Task brief -
Could you transcribe the entries below exactly, starting at the line that contains "Samsung Galaxy J7 (2016) Case - Football" and stopping at the last line, without any pictures?
━━━━━━
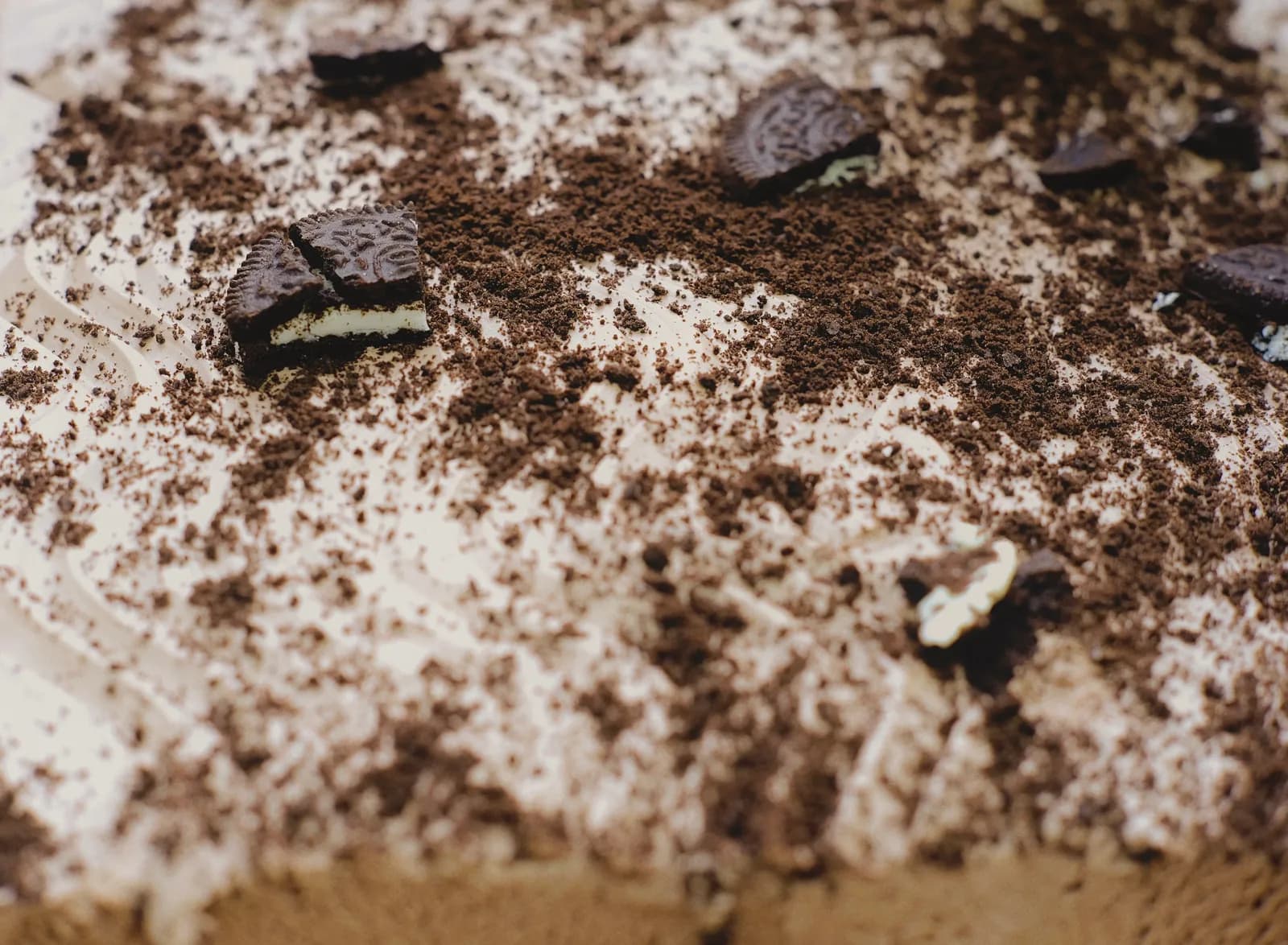Gelato sa Oreo keksom, Cattarissimo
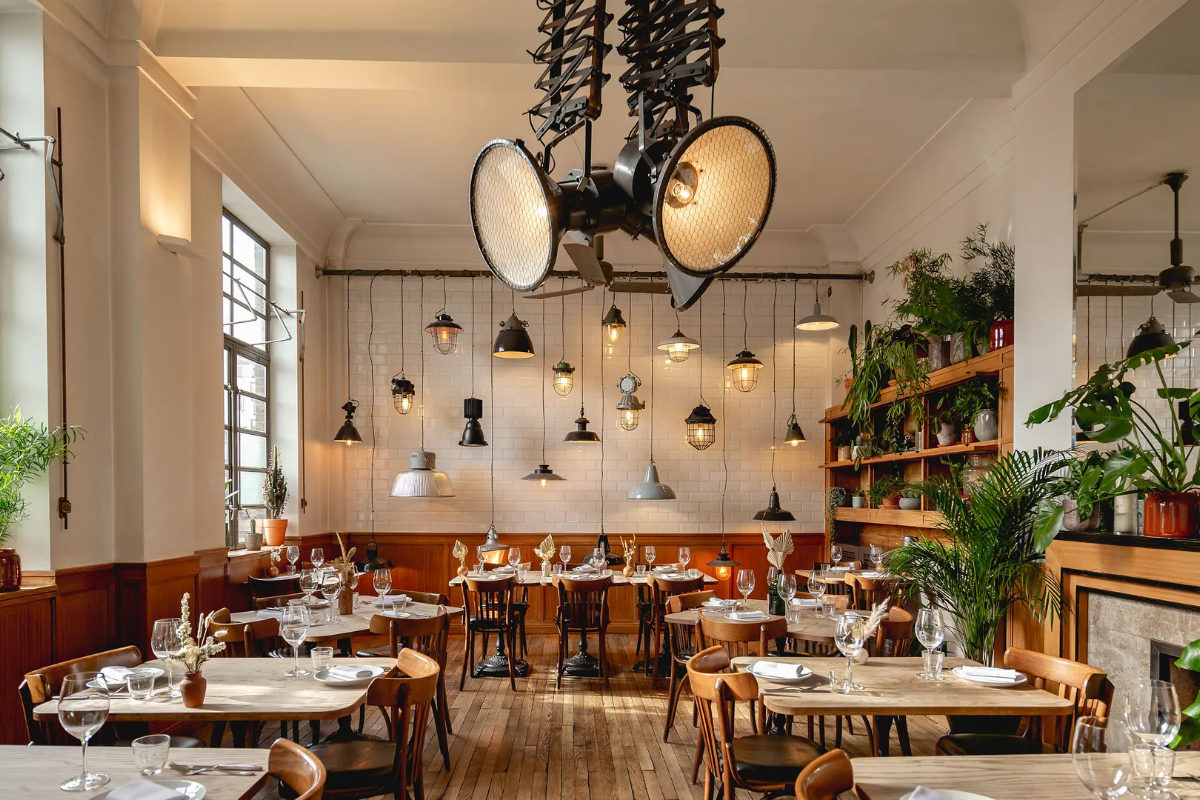 Inside Bethnal Green's Town Hall Hotel: Where Edwardian Grandeur Meets East London Cool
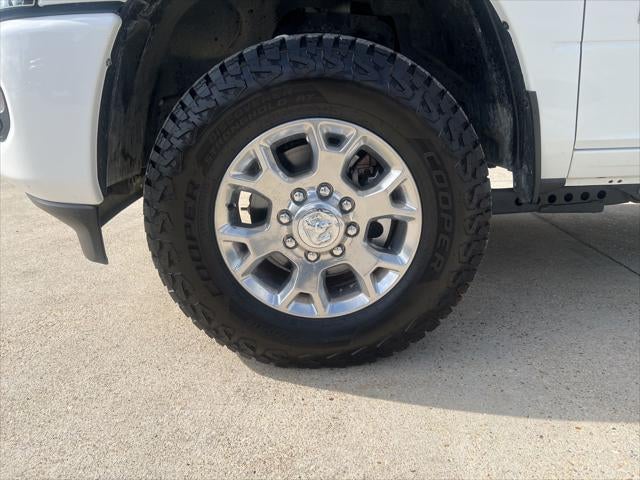 2025 RAM 3500 Laramie
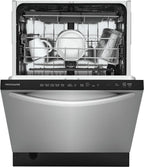 FRIGIDAIRE FDSH4501AS built in dishwasher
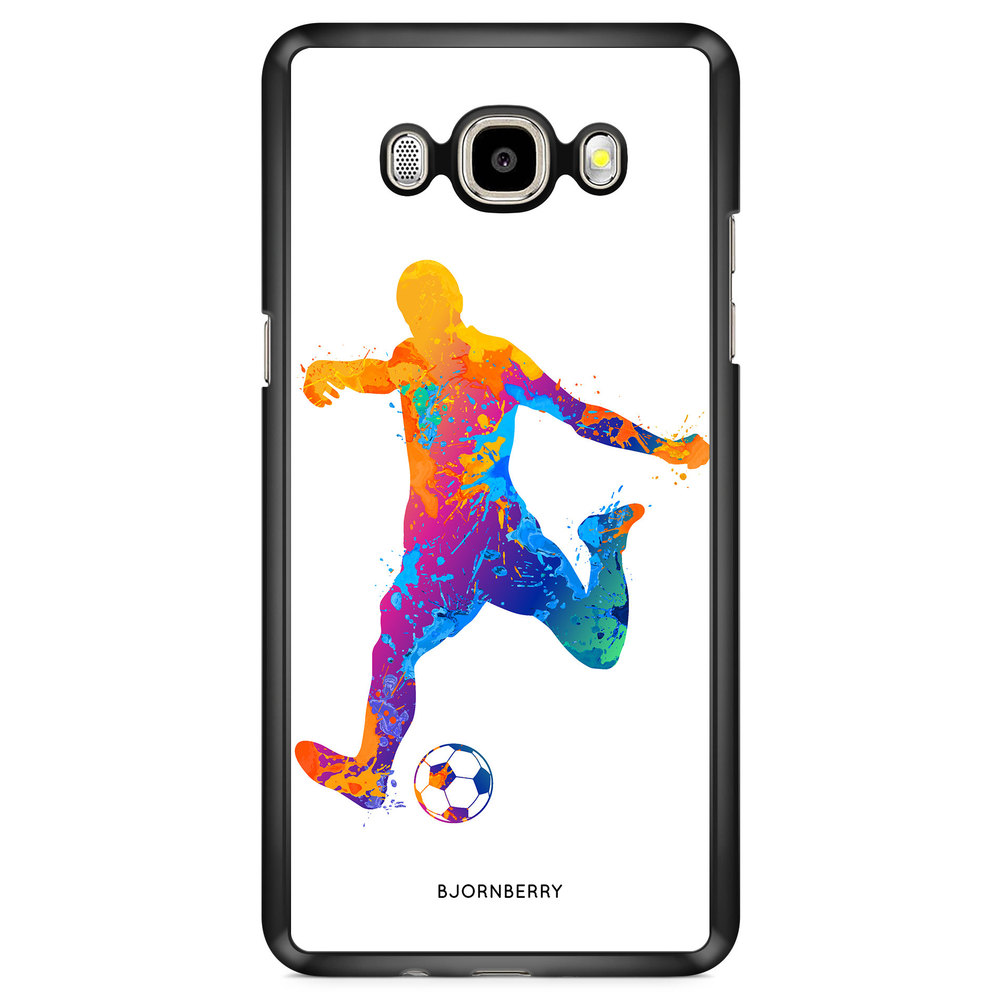 Samsung Galaxy J7 (2016) Case - Football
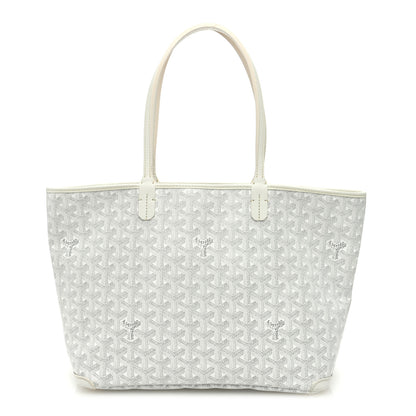 Goyard Goyardine Artois PM White 1 of 10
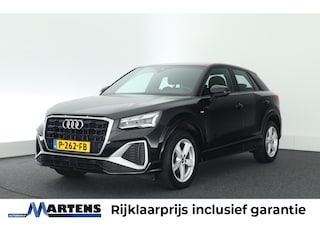 Audi Q2 35 TFSI 150pk S-Tronic S Edition Led Navigatie Virtual Cockpit 2x S-Line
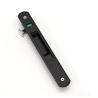 Buy cheap 28×200mm Sliding Door Hook Lock , Sliding Glass Window Lock Powder Spray from wholesalers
━━━━━━
Answer section -
 Samsung Galaxy J7 (2016) Case - Football
 Goyard Goyardine Artois PM White 1 of 10
 Audi Q2 35 TFSI 150pk S-Tronic S Edition Led Navigatie Virtual Cockpit 2x S-Line
 Buy cheap 28×200mm Sliding Door Hook Lock , Sliding Glass Window Lock Powder Spray from wholesalers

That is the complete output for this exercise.